You don't need a push here, just a cons (see below).

Quote:
>    ((eql sexp 'eof) (nreverse output)))))

> but then I noticed that if the file had the symbol EOF in it, then the
> READing would be short-circuited.  In particular, if a file "foo" has

This is of course the case.  In order to avoid that problem, you
really want to provide an eof-value, that cannot possibly be read from
the given stream.  Since read can (especially when *read-eval* is
true) more or less return arbitrary data, there are not many possible
solutions.  One of them is creating a fresh uninterned symbol, via
gensym, as you suggested, e.g.:

(defun list-expressions (file)
  (with-open-file (instream file :direction :input)
    (do* ((eof-value (gensym))
          (sexp (read instream nil eof-value) (read instream nil eof-value))
          (output nil (cons sexp output)))
        ((eql sexp eof-value) (nreverse output)))))

Since the symbol isn't interned in any package, the reader cannot
possibly find it, and since it cannot get at it in any other way
(e.g. via a special-binding and #.), there is no way that read could
return it at any time other than EOF.  You can also use other
"non-interned", freshly consed structures, like e.g. a fresh cons
cell.

A cleverer (and cheaper) approach -- thanks to KMP for pointing that
one out -- is to use the stream object itself as the EOF value, which,
if it isn't bound to a special variable somewhere -- something we can
rule out if we created the stream object ourselves -- is again not a
possible value of read:

(defun list-expressions (file)
  (with-open-file (instream file :direction :input)
    (do ((sexp (read instream nil instream) (read instream nil instream))
         (output nil (cons sexp output)))
        ((eql sexp instream) (nreverse output)))))

Quote:
> This approach with the gensym seems to work, but it occurred to me
> that this must be a well-known issue with READ, and that there is
> probably a standard CL idiom to handle this.  I took a look at CLTL2
> (in addition to Graham's book), but I didn't see anything obvious.  Is
> there a standard idiom for this that I should know about?  (Perhaps
> more importantly, is there a good unified source for language style
> issues which the newbie should be aware of?)

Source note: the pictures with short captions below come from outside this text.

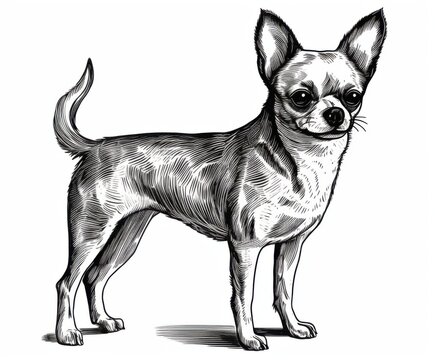 recommend clip art: Black and white Vintage engraved art of a Chihuahua isolated on white background, ink sketch illustration, simple vector art design, highly detailed line art, high contrasty 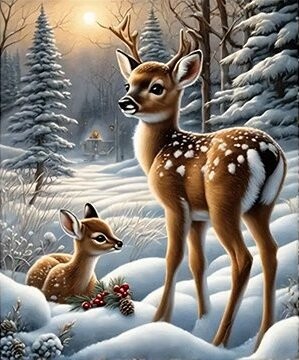 Norimpex Jelenčeky v zasneženom lese 30 × 40 cm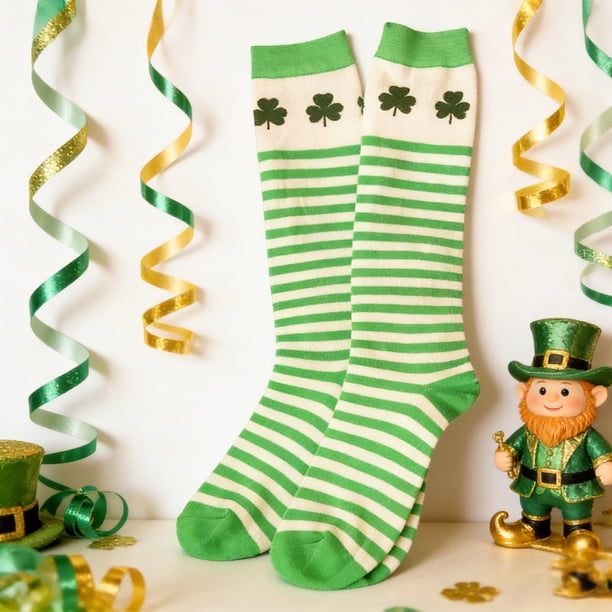 Uuiauoio 1 Pairs St.Patrick's Day Socks Shamrock-Clover-Stripe-Socks Irish-Green-Costume-Socks for St.Patrick's Day Mardi Gras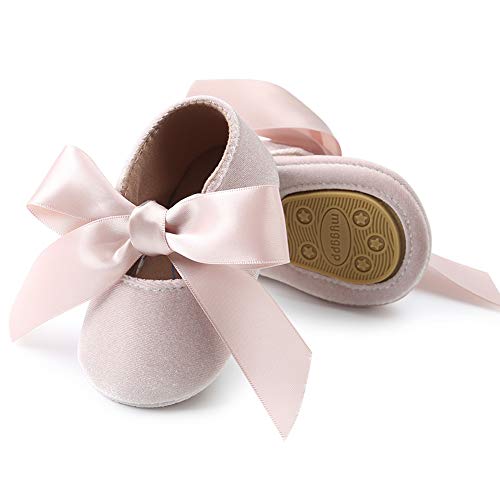 Rvrovic Baby Girls Mary Jane Flats Anti-Slip Rubber Sole Bow Toddler Princess Dress Shoes (5.12 Inches (12-18 Months), 3-Beige) #TOP2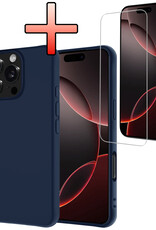 NoXx Hoes Geschikt voor iPhone 16 Pro Hoesje Cover Siliconen Back Case Hoes Met Screenprotector - Donkerblauw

There is a collection of style hints, presented by Peter Norvig and
Kent Pitman as a slide show at LUV'93, available on Norvig's website
at http://www.norvig.com/luv-slides.ps

There are also lots of other style guidelines, many of which you can
find with a search on www.google.com with the keywords "Lisp style".

Regs, Pierre.

--

 The most likely way for the world to be destroyed, most experts agree,
 is by accident. That's where we come in; we're computer professionals.
 We cause accidents.                           -- Nathaniel Borenstein



Fri, 02 Jul 2004 23:30:25 GMT  
 A good idiom for EOF when READing files?


Quote:
>Yep, that's one common way of dealing with it.  Personally, I use:

>  (defvar *eof* (gensym))

>So at least this way, I only have one gensym per image used on eof
>values.  Plus I find it a tiny bit clearer.

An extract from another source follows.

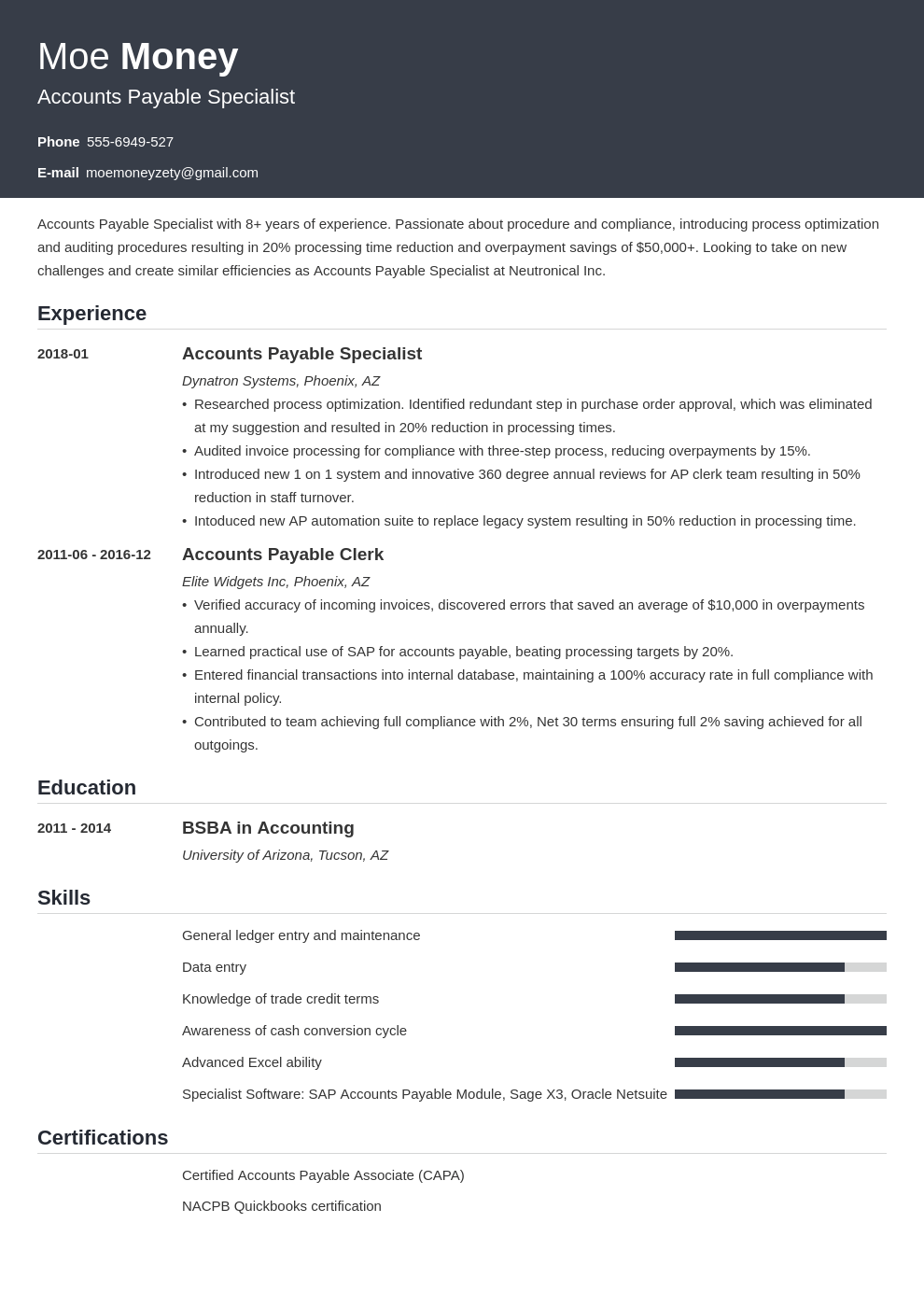 accounts payable resume example template influx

Not iron-clad though. The file could contain #.*eof* and then
read would return your EOF object.

  (let ((eof (cons nil)))
    ...

is cheaper than gensym, and safe, as is using the stream
variable itself. I find the former more readable, the latter
cleverer. The latter would be fine if it was standard
coding practice.



Sat, 03 Jul 2004 04:24:00 GMT  
 A good idiom for EOF when READing files?

Quote:



> >Yep, that's one common way of dealing with it.  Personally, I use:

> >  (defvar *eof* (gensym))

> >So at least this way, I only have one gensym per image used on eof
> >values.  Plus I find it a tiny bit clearer.

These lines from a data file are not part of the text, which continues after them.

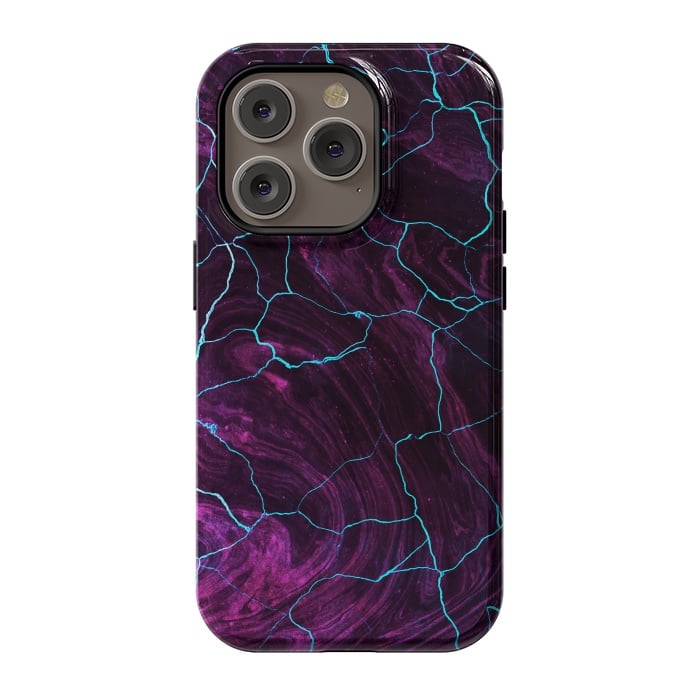 iPhone 14 Pro StrongFit Metallic dark purple marble by Oana 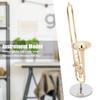 Miniature Trombone Replica with Stand and Case Gold Plated Instrument Model Musical Ornaments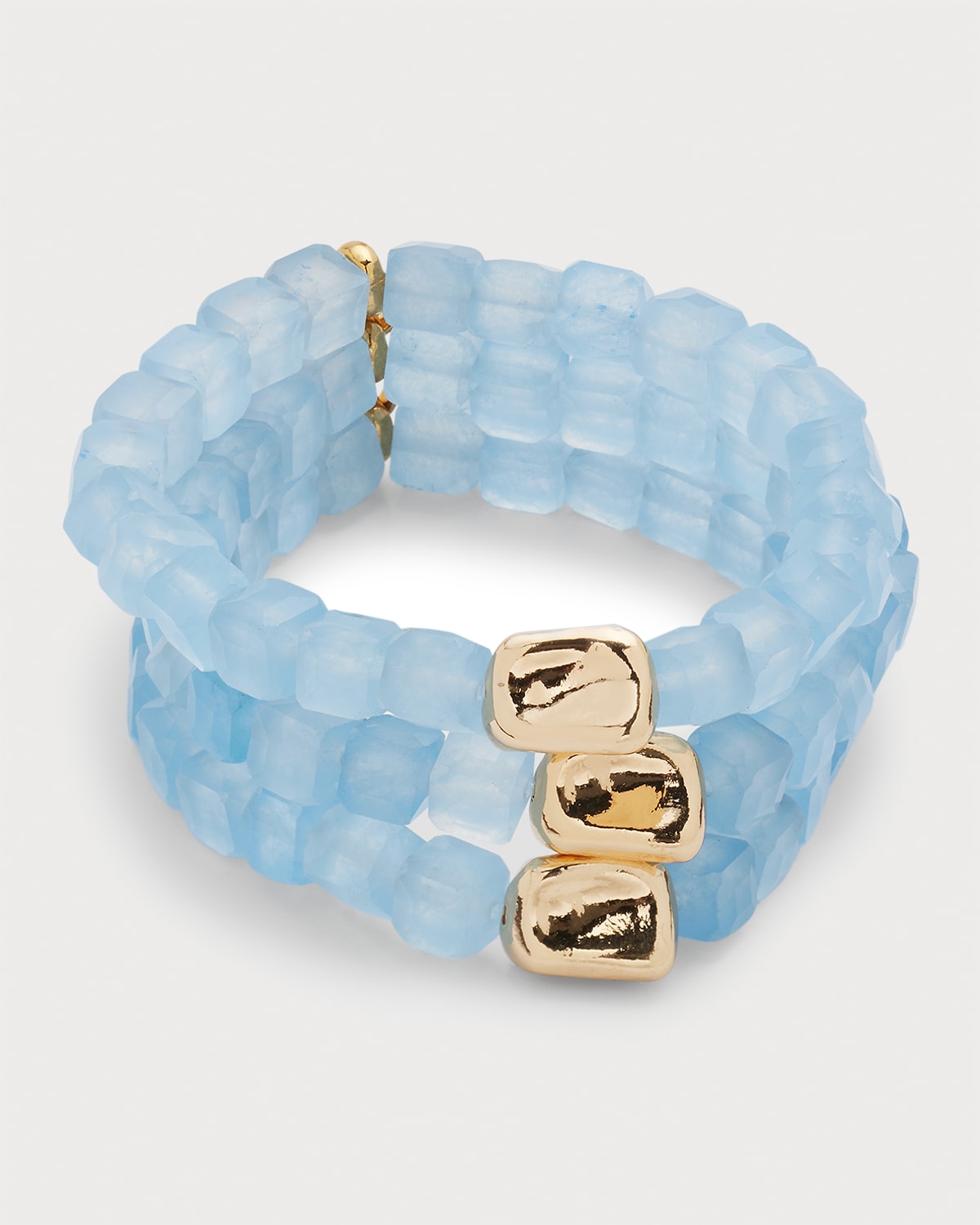 Devon Leigh Aquamarine Gold Accent Stretch Bracelets, Set of 3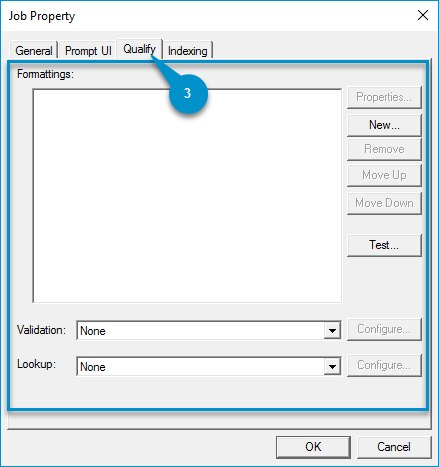 job property qualify dialog box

> Not iron-clad though. The file could contain #.*eof* and then
> read would return your EOF object.

Oops, you're right.  I must confess to using read fairly rarely.
Mostly when I'm reading in something code-like, in which case I impose
the restriction that it's not pathological (or I'll bind *read-eval*
to nil) -- and in my mental taxonomy, #.*eof* is right up there with
#.(ext:quit).  But, yeah, my bad.

--
           /|_     .-----------------------.                        
         ,'  .\  / | No to Imperialist war |                        
     ,--'    _,'   | Wage class war!       |                        
    /       /      `-----------------------'                        
   (   -.  |                              
   |     ) |                              
  (`-.  '--.)                              
   `. )----'                              



Sat, 03 Jul 2004 14:36:59 GMT  
 A good idiom for EOF when READing files?

Quote:

>(defun list-expressions (file)
>  (with-open-file (instream file :direction :input)
>    (do ((sexp (read instream nil 'eof) (read instream nil 'eof))
>     (output nil (push sexp output)))
>    ((eql sexp 'eof) (nreverse output)))))

[ snip ]
>but then I noticed that if the file had the symbol EOF in it, then the
>READing would be short-circuited.  In particular, if a file "foo" has
>the contents:

One way is to catch the end of input as a condition. There
is a ``Conditions for Dummies'' form called handler-case that
you can use:

(with-open-file (instream file :direction :input)
  (handler-case
    form-that-reads-from-file
    (end-of-file (condition) forms-that-deal-with-condition)))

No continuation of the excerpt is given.